PMH fait entrer le doodle à l’école
« À la base, le doodle, c’est le fait de dessiner librement en laissant son imagination faire le travail, sans vouloir représenter quelque chose de concret. C’est donc, à mon sens, tout à fait adapté aux enfants… et aux adultes, d’ailleurs ! », explique PMH, l’ambassadeur le plus notable de ce style. « Je l’ai vérifié dans les écoles où je suis déjà intervenu. En particulier pour ceux qui sont convaincus depuis tout petits qu’ils ne savent pas dessiner parce qu’ils ne parviennent pas à représenter un vélo, un bonhomme ou un oiseau ! C’est à la fin du doodle que l’on peut chercher des éléments à reconnaître dans le dessin, et chacun a sa propre interprétation ! C’est aussi ce qui fait que ce style est très ludique et satisfaisant ».
Outil pédagogique
Rien de plus naturel que l’artiste soit régulièrement sollicité par les enseignants. D’autant que cet ancien prof d’histoire, qui a gardé la passion de transmettre des connaissances, des conseils et un savoir-faire, se réjouit d’accompagner chaque année au moins un ou deux projets pédagogiques, intervenant aussi bien devant des maternelles que des 4ème. « Ce qui est fascinant, c’est de les voir s’emparer de l’esprit du doodle. Ils comprennent rapidement que ce n’est pas du gribouillage, mais ils doivent aussi parfois apprendre à déconstruire certains schémas : l’idée n’est pas de représenter une image que l’on aurait en tête, mais de se laisser surprendre par cette forme d’écriture graphique automatique.
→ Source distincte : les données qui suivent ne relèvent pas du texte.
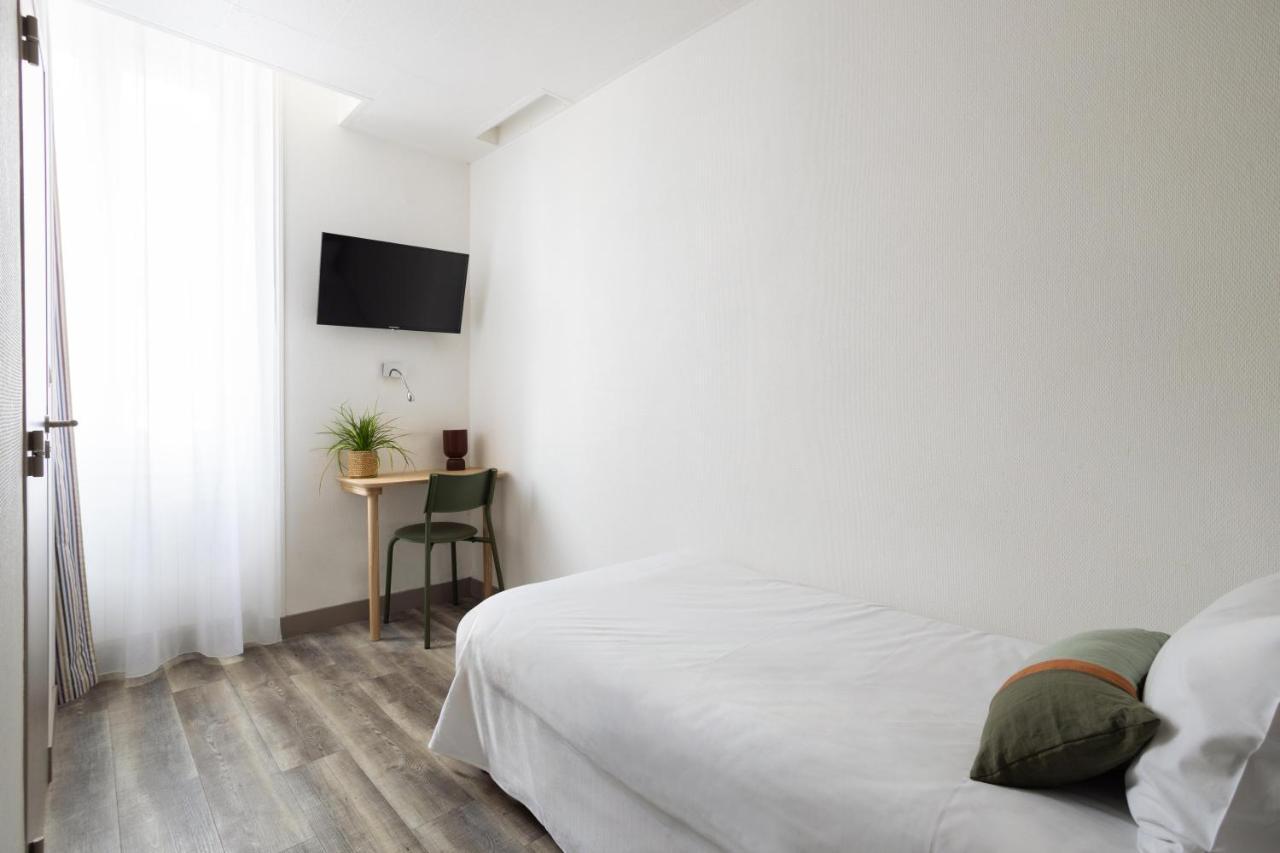 Hotel Suzane Angers Ngoại thất bức ảnh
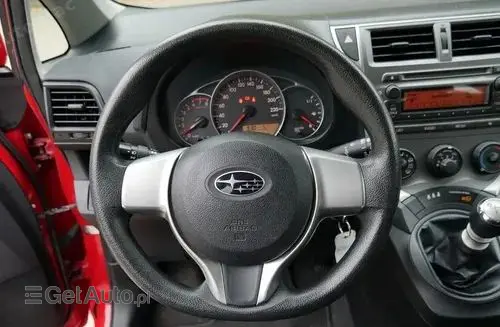 SUBARU Trezia 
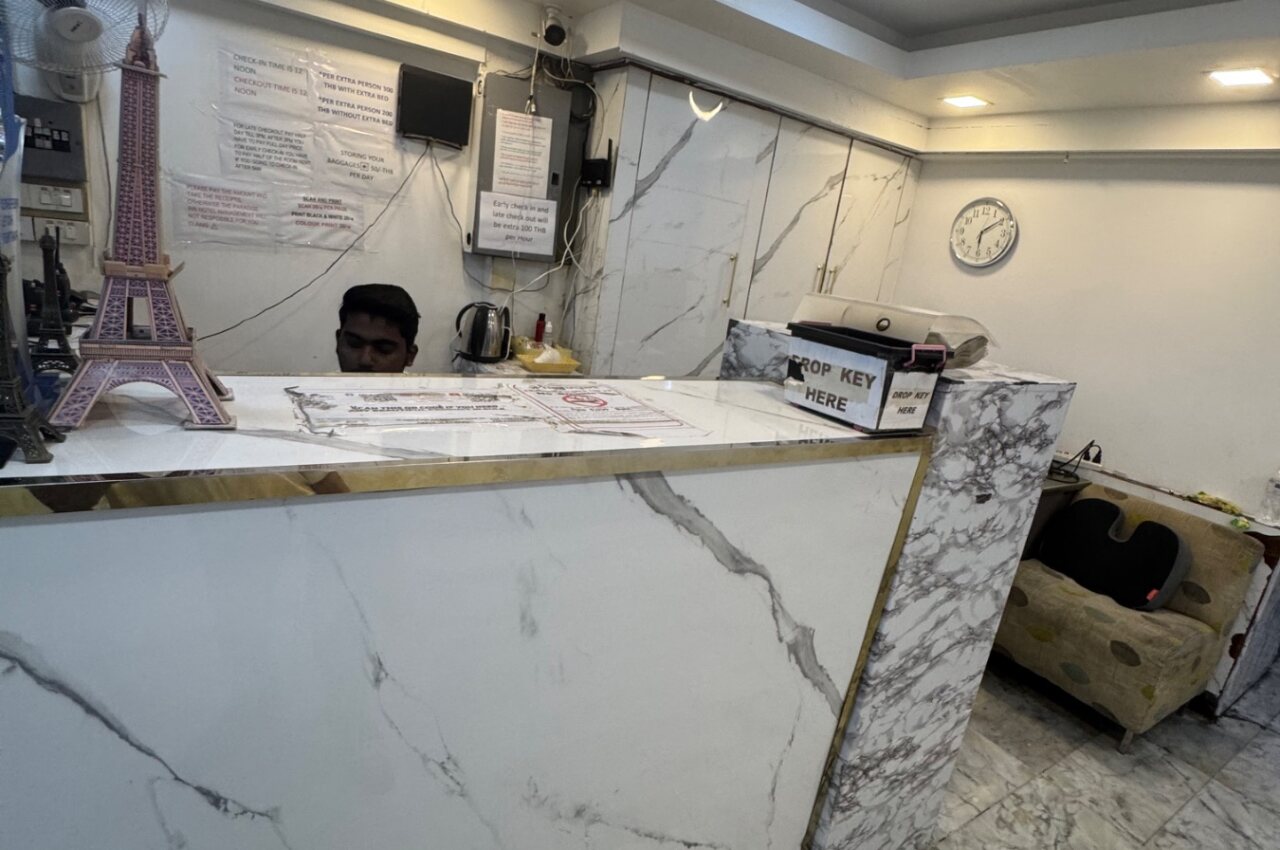 Leasehold hotel with 56 rooms in Phaya Thai Bangkok - THBP-1388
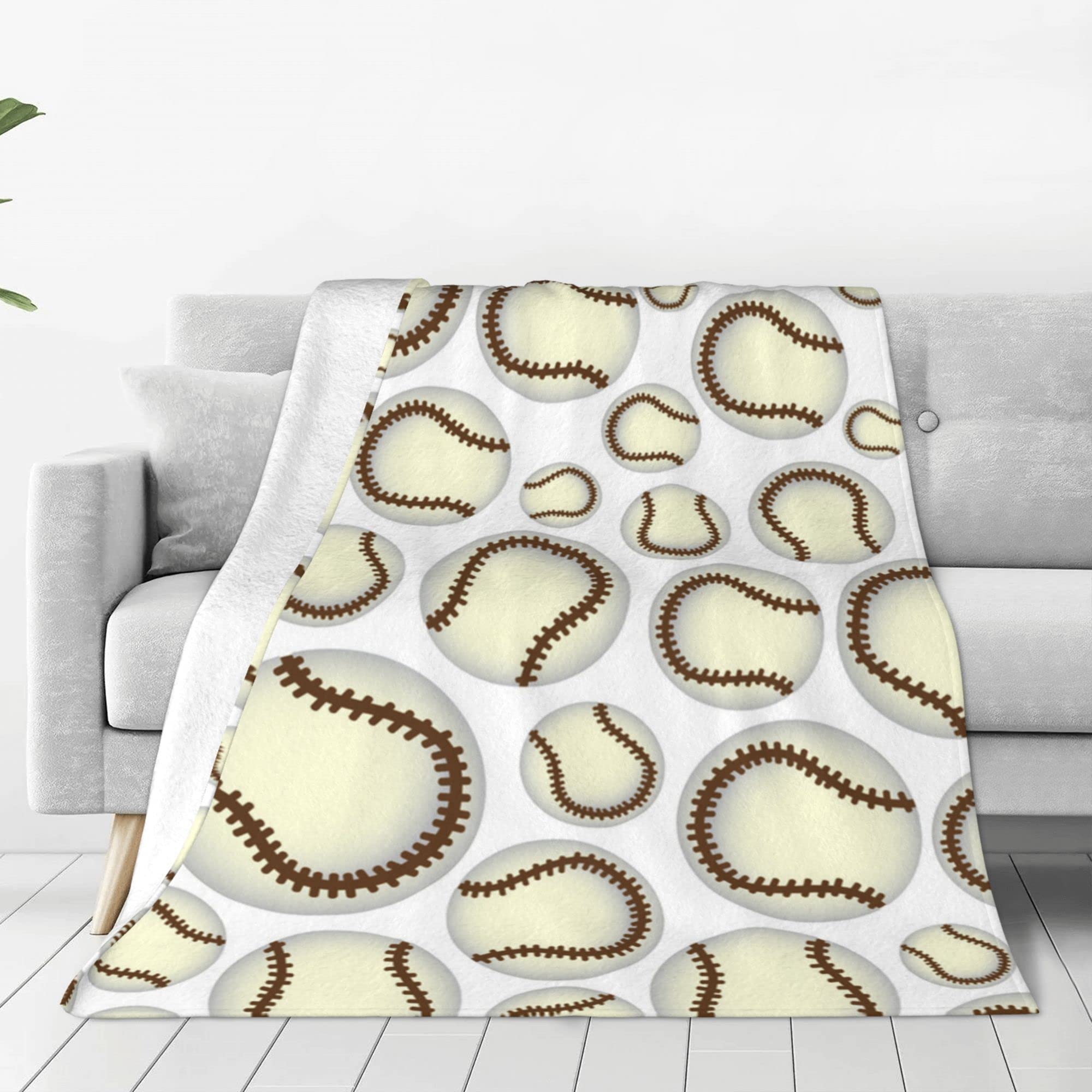 Lightweight Flannel Blanket - Soft & Cozy Summer Throw for Couch, Bed, Sofa - Queen & King Size Fleece Blankets in White - Perfect for Lounging, Picnics & Outdoor Activities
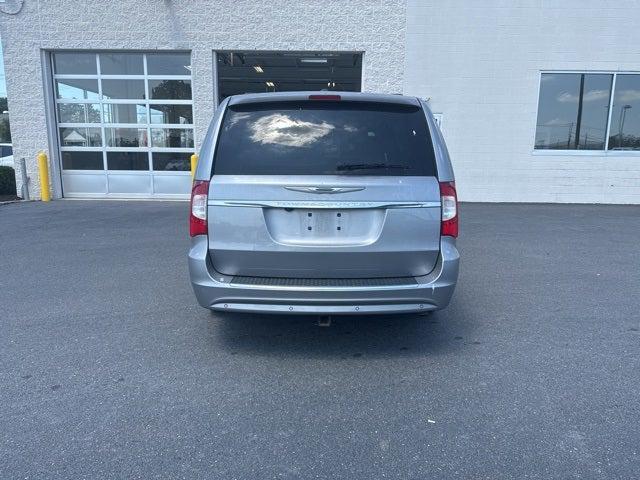 2016 Chrysler Town and Country Touring-L Anniversary Edition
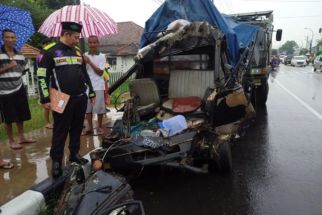 Kecelakaan Beruntun di Jombang, Truk Ringsek, Pengemudi & Penumpang Selamat - JPNN.com Jatim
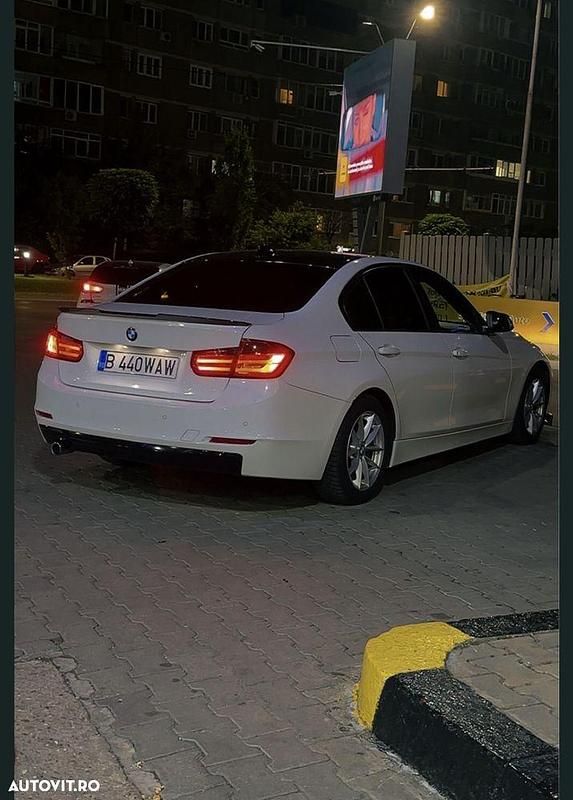 Second-hand BMW 320 Efficient Dynamics 163 CP (119 kW) 2014 Culoarealb Berlinǎ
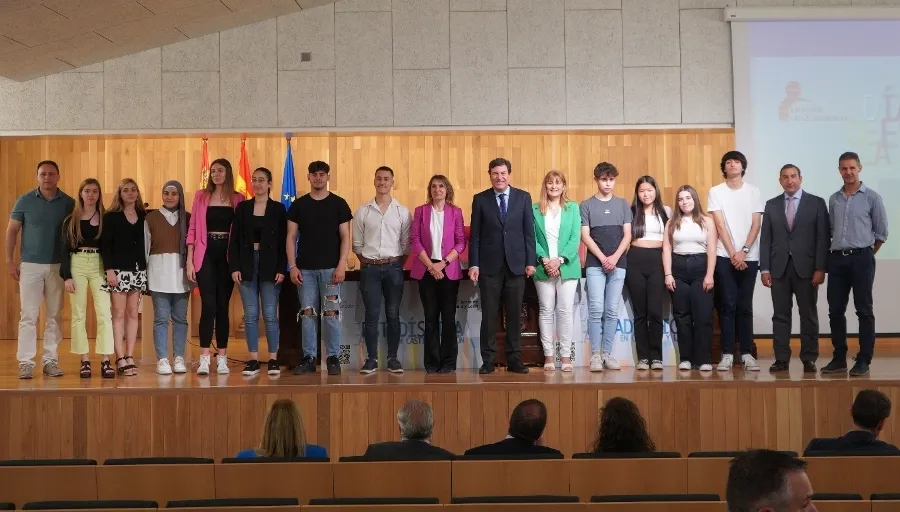 Foto 2 - Reciben su premio los alumnos del IES Tierra vencedores del certamen regional de Estad&iacute;stica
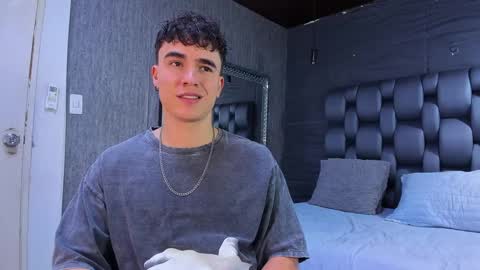 Andre Parker online show from 12.21.24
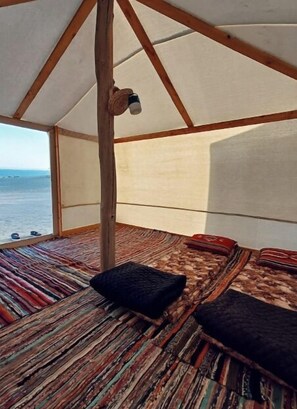 2 bedrooms, bed sheets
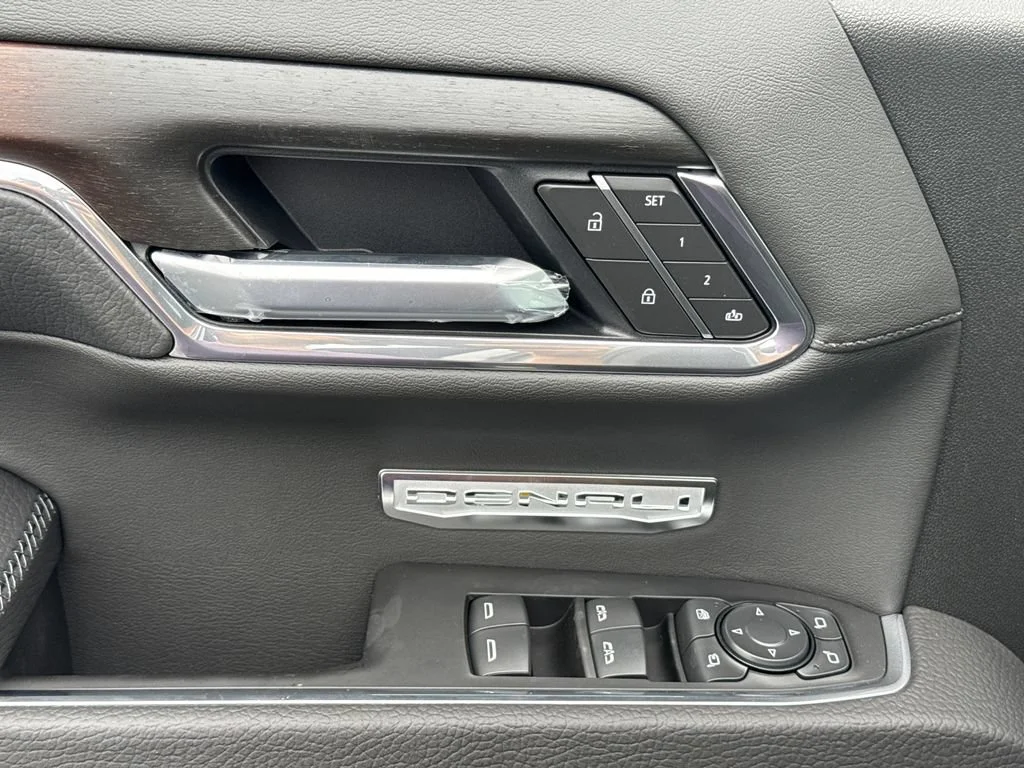 2026 GMC Sierra 1500 Denali - Photo 14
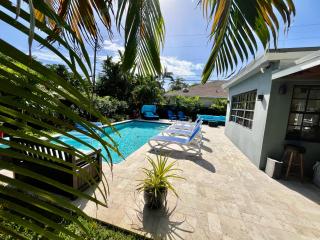 POOLSIDE MANOR - Men Only Clothing-Optional - Fort Lauderdale - 1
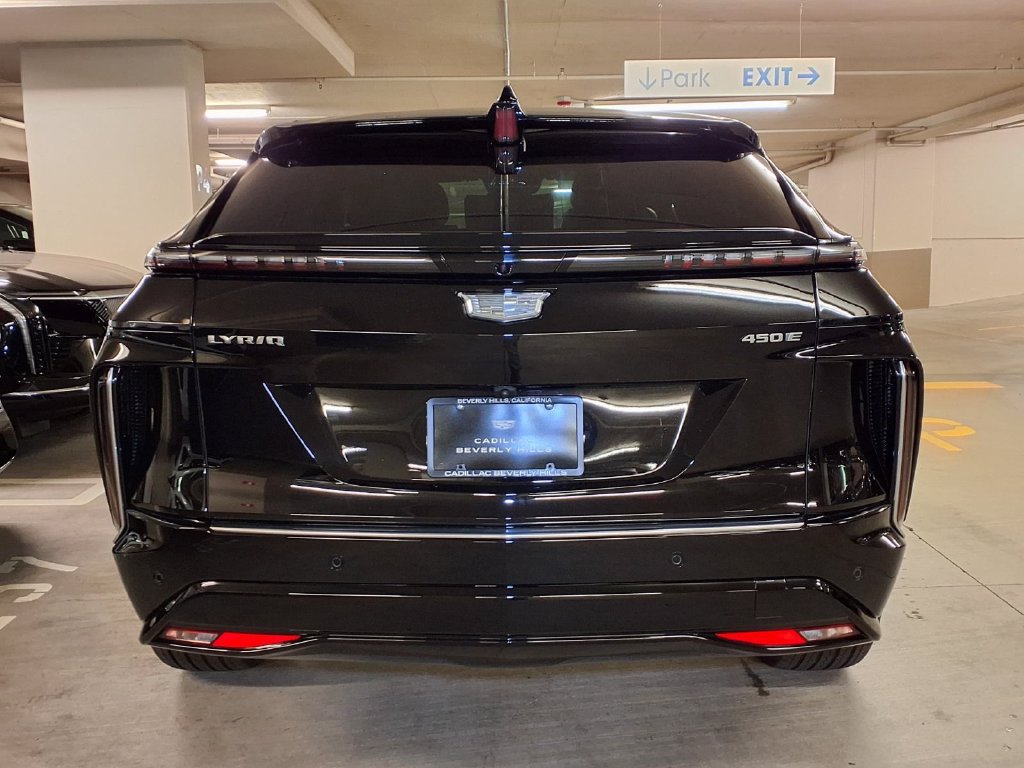 New 2026 Cadillac Lyriq Signature Luxury w/ Nappa Leather Package RWD image 9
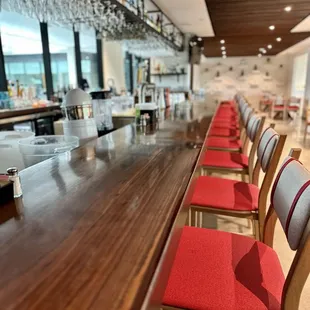 sushi and sashimi, interior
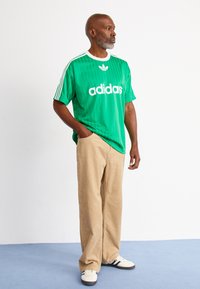 adidas Originals ADICOLOR - Nyomott mintás póló - green/white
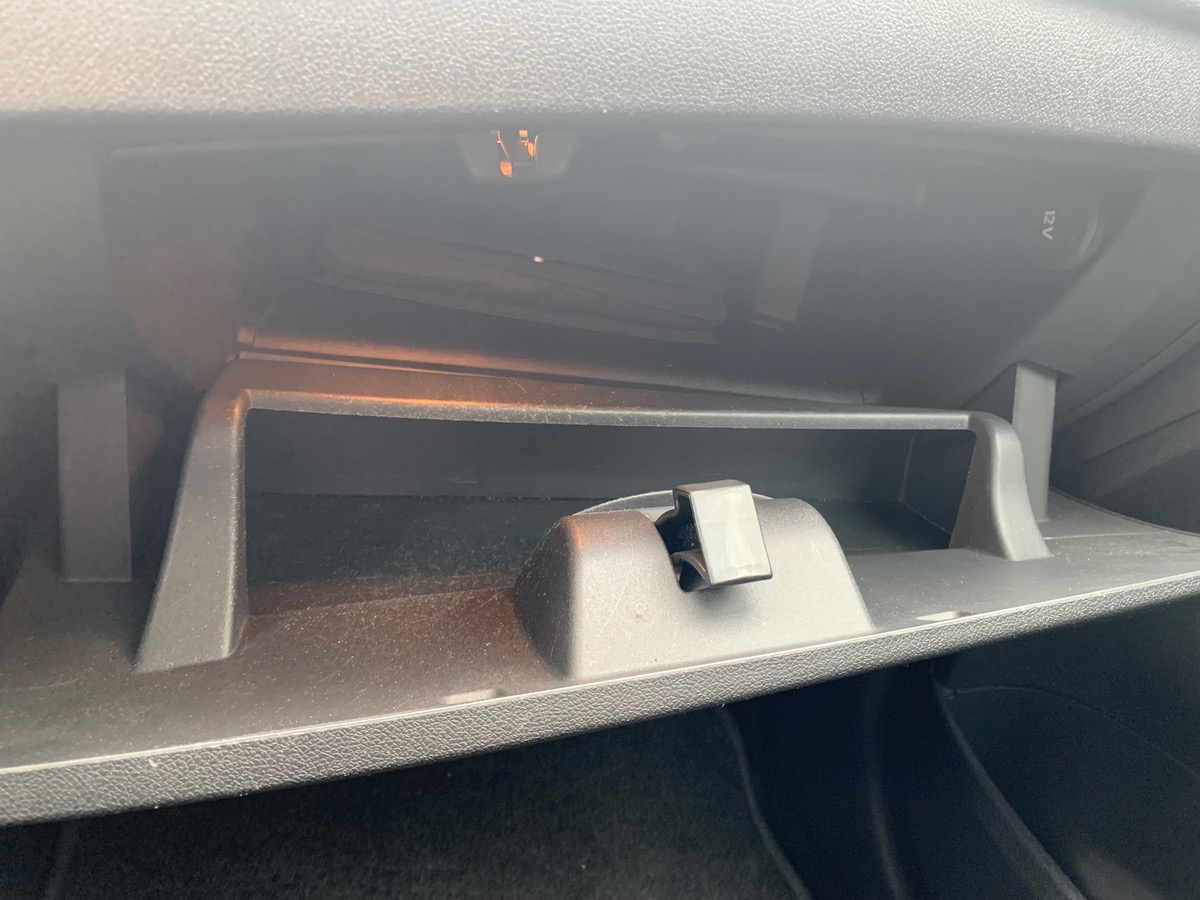 RENAULT Megane Estate 110 ch | Business | GPS | Régulateur de vitesse | Radar de recul | Bluetooth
Une fois cette barrière tombée, en général, plus rien ne les arrête. Et, mine de rien, pratiquer le doodle est un excellent moyen pour se concentrer sans s’en apercevoir, même pour les élèves les plus agités! ».
Une malette pour tous
Avec Posca, PMH a ainsi conçu une mallette spécifique pour le doodle. Une démarche qui, pour lui, s’inscrit naturellement dans cette logique de transmettre, d’enseigner, de partager. « Quand Posca m’a proposé de concevoir cette mallette en 2021, nous nous sommes fixés trois objectifs : qu’elle soit accessible au grand public, ludique et pédagogique. Et grâce aux quelques fiches d’accompagnement qui se trouvent à l’intérieur, on peut s’entraîner à dessiner à ma façon, avec des pas à pas assez simples, et trois niveaux de difficulté. Normalement, avec un peu d’entraînement et de concentration, on parvient à réaliser ses propres doodles tout en se changeant les idées, un premier pas vers la création personnelle pour… qu’on se mette tous ensemble à envahir le monde de doodles, parce qu’il en a bien besoin ! ».